I Once Met… Rowan Williams
It was Christmas Eve in Cambridge. I was sitting outside my favourite wine bar, quite near Magdalene College, sipping a warming glass of mulled wine, when what I took to be a shockingly unkempt tramp, dressed in a filthy old brown raincoat, clutching a large plastic bag, passed just by me.
Closer perusal revealed him to be Rowan Williams, former Archbishop of Canterbury, now Master of Magdalene, bent on last-minute Christmas shopping.
The founder-editor of this magazine, Richard Ingrams, was always urging me to get an interview with Rowan, the bearded leftie, or ‘Beardie’, as Richard called him. But what with his being an Archbishop and me a down-and-out, it proved difficult.
Also, I was feeling a bit guilty about what I wrote about him in The Oldie, that ‘he had the mark of the fence firmly imprinted in his bottom’, a reference to his typical academic’s tendency to see every point of view and the consequent inability to make up his mind about anything and everything: eg gay marriage and priests. That does not make for strong leadership.
However, in Cambridge it would be easier, I thought…
I pursued Beardie to the railway station early one morning but failed to catch him before he boarded his train. I caught him at the cash machine on another early morning, bemoaning the fact that, like me, he had hardly any money left. How come? Perhaps because he often gave to beggars and Big Issuesellers on the streets of Cambridge; I frequently saw him doing this – a very generous, as well as humble, man. I often saw him at Mass at Little St Mary and at St Giles (next to Magdalene) but was reluctant to interrupt his devotions. He often says the early Eucharist at St Benet’s, the oldest church in Cambridge – so I started going along there. He said it beautifully with a truly enchanting voice and manner.

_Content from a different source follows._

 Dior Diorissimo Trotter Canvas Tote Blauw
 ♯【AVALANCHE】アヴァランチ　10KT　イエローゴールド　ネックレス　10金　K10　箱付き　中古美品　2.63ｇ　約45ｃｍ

It was there, at St Benet’s, after the Mass, that I finally nabbed him... I introduced myself as a former press secretary to his great predecessor Michael Ramsey, once vicar at St Benet’s. Rowan’s face lit up. ‘Oh yes. St Benet’s was Michael’s church of course. How did you find him?’ ‘It was tricky introducing him to journalists, particularly lady ones because he had no small talk,’ I said. ‘He would discuss the theory of atonement till the cows came home, but the names of the flowers in Lambeth Palace garden eluded him. No small talk at all.’
‘Yes, I know,’ said Beardie. ‘I don’t have much myself.’ ‘How do you find life at Magdalene?’ ‘Very nice,’ he said. ‘I don’t interfere too much with the other dons.’
Rowan tactfully refused to comment on his successor, Justin Welby, the businessman-in-a-dog-collar.
‘But it must be a relief no longer to have the responsibilities of an Archbishop.’
‘Quite so,’ he said. ‘You need a very thick skin. I used to get it from all sides, particularly on gay matters and Sharia law.’
‘I admire your writings in the New Statesman – very well thought out,’ I said creepily.
‘Well, being back in academia gives me a chance to think things through.’
‘Do you still find it difficult to make up your mind about anything and everything?’ I arrogantly asked. ‘Yes, but I do not apologise for that.’ Rowan drifted off into the earlymorning mist. I wanted to tell him to get his hair cut but I lacked the courage. I was also tempted to ask him if he really believed in God.